Earlier this week, just a day after I’d released Meet the Lidwells, I started thinking about a lot of different things related to the writing projects I had going on. I was working out how to publicize the new book while also plugging my trilogy, reading over the chapters of the Apartment Complex story that I was going to read for FOGcon, playing around with my daily words (which are currently focused on In My Blue World), and the evening session words for AC. All while hoping the Day Job wouldn’t cause any delays for everything else. In other words, The Typical Day in the Life of a Writer.
What threw me was that I didn’t feel that moment of wondering if I would ever be a pro writer or if I was just going to continue faking it.
I actually had to stop and think about that for a moment. I’ve been writing for over thirty years now.
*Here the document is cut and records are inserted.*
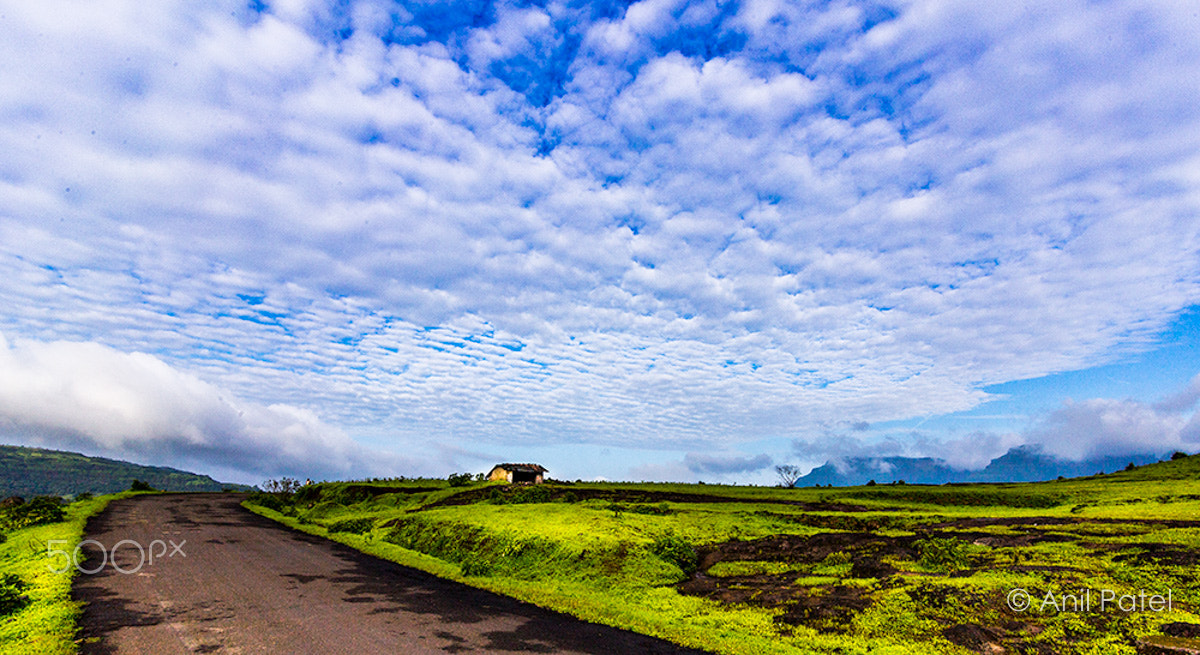 Canon EF-S 17-85mm F4-5.6 IS USM sample photo. Country road.... photography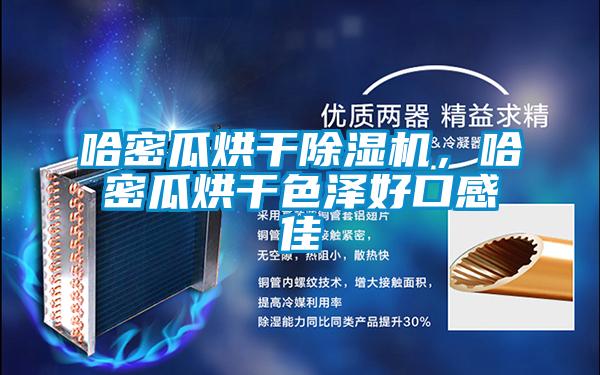 哈密瓜烘干除湿机，哈密瓜烘干色泽好口感佳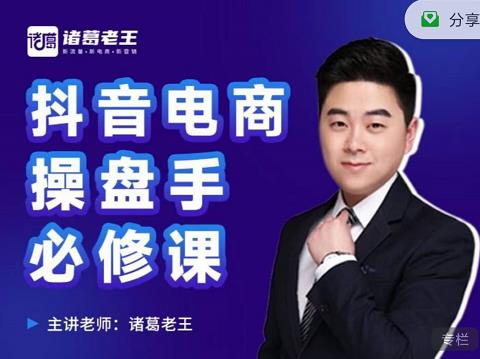 诸葛老王-抖音电商操盘手必修课：顶层设计，​起号破局，爆款运营，数据分析-智宝网创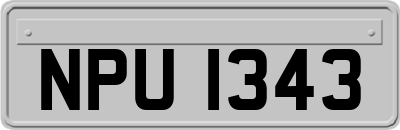 NPU1343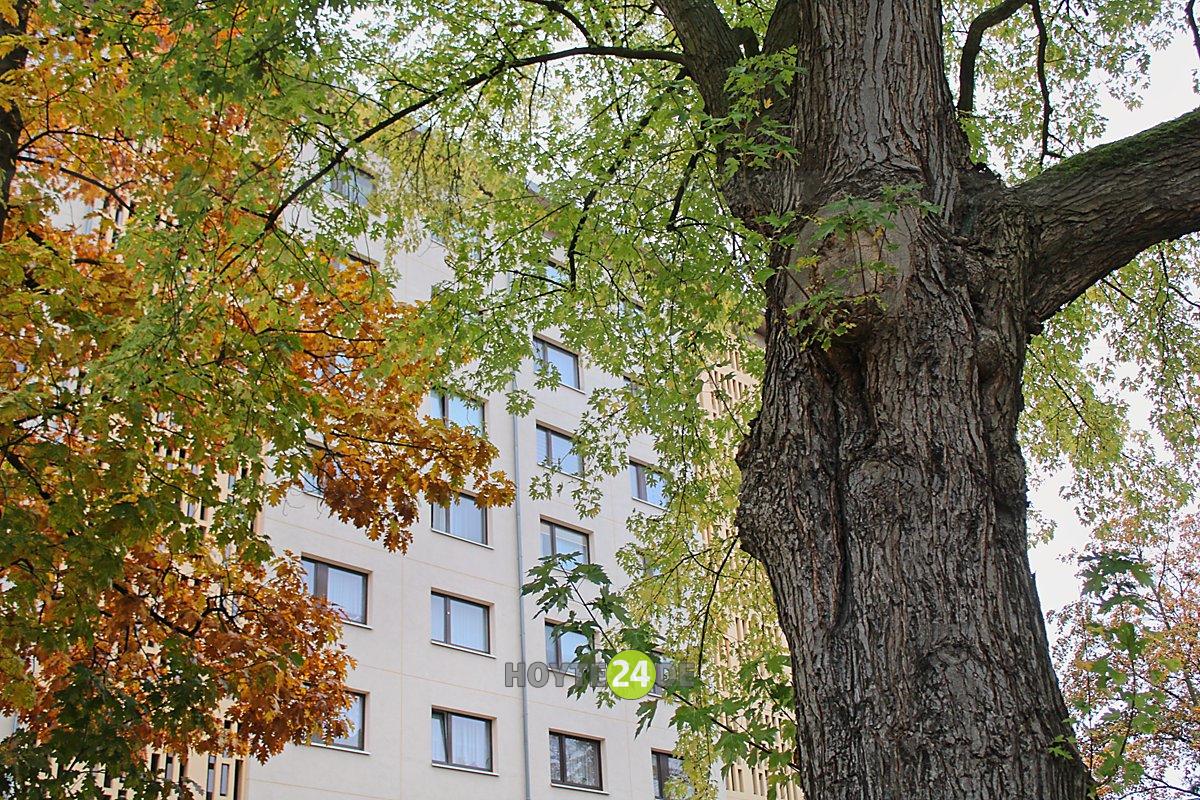 Man sieht zwei Bäume vor einem Haus der Wohnungsgesellschaft Hoyerswerda.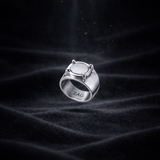 El anillo de Adrien el Miraculous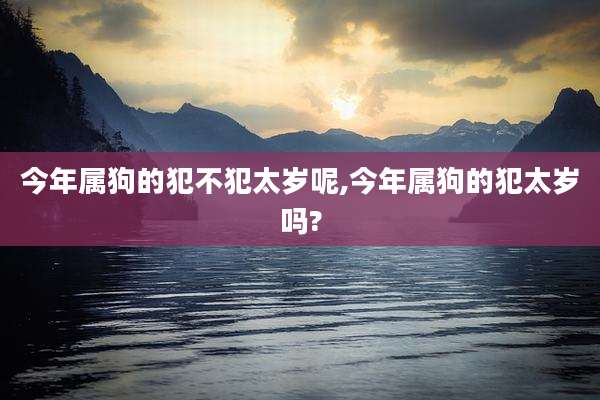 今年属狗的犯不犯太岁呢,今年属狗的犯太岁吗?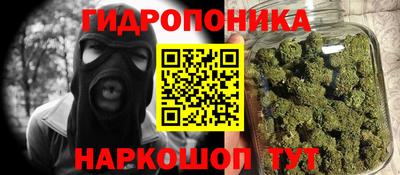 ешки Кингисепп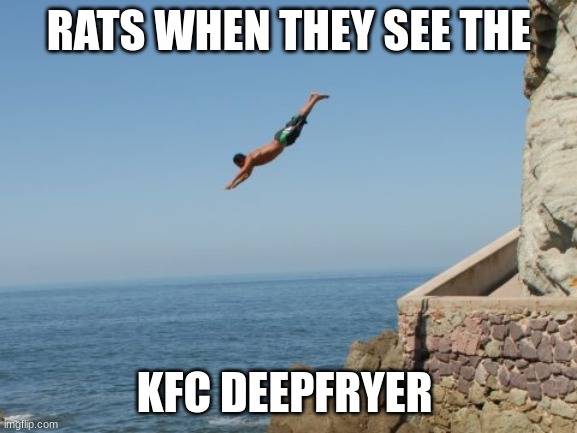 Rats be like | RATS WHEN THEY SEE THE; KFC DEEPFRYER | image tagged in cliff diver | made w/ Imgflip meme maker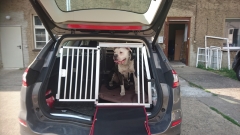 Transportbox für Ford Mondeo
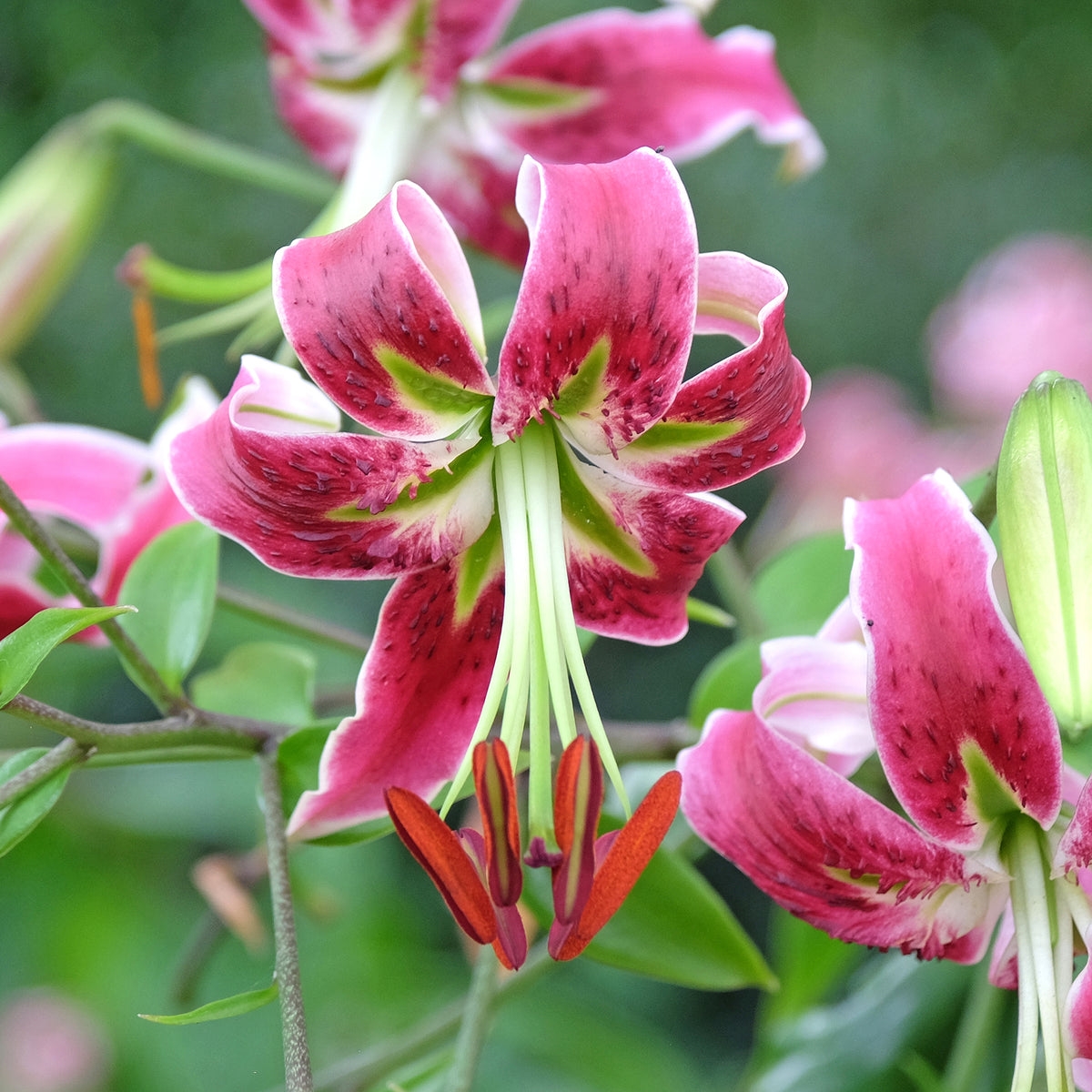Black Beauty lelie / Lilium “black beauty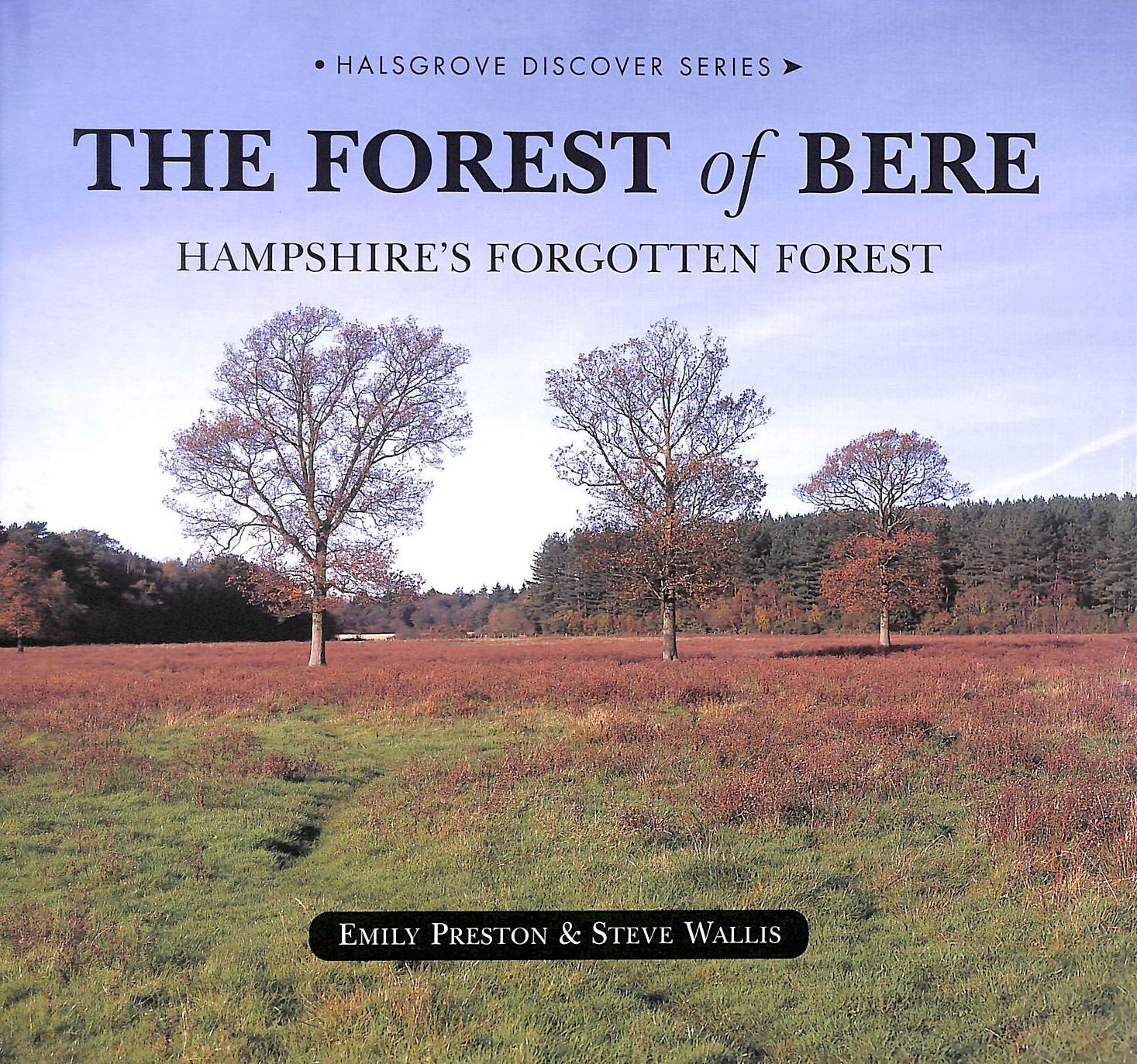 The Forest of Bere: Hampshire's Forgotten Forest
Sure, most of that time was spent learning, hitting roadblocks and dead-ends, wasting time, getting stuck on the OK Plateau, and trying to figure out what the hell I had to do to make any of this work. I’ve rarely had a crippling self-doubt about it, but I’ve certainly had my moments of wondering if this was as good as I was going to get, and that maybe I’d better focus more on a Day Job career. I hated that feeling with a passion.
Self-publishing the trilogy turned that around; this proved I could achieve the goals I’d set for myself. But what cemented it for me was the release of Meet the Lidwells; that’s when I’d proved to myself that the trilogy wasn’t a fluke or my One Shot at Greatness. [The unexpected icing on the cake, I should add, was the multiple downloads of the Bridgetown Trilogy this past week, thanks to the Smashwords sale. One or two downloads makes me happy; five or six a day all week long felt amazing. I thank all of you new readers for that!!]
That feeling when you suddenly realize you’re exactly where you want to be as a writer, though?
That feels absolutely AMAZING. It took forever to get here, but I’m glad I stayed with it.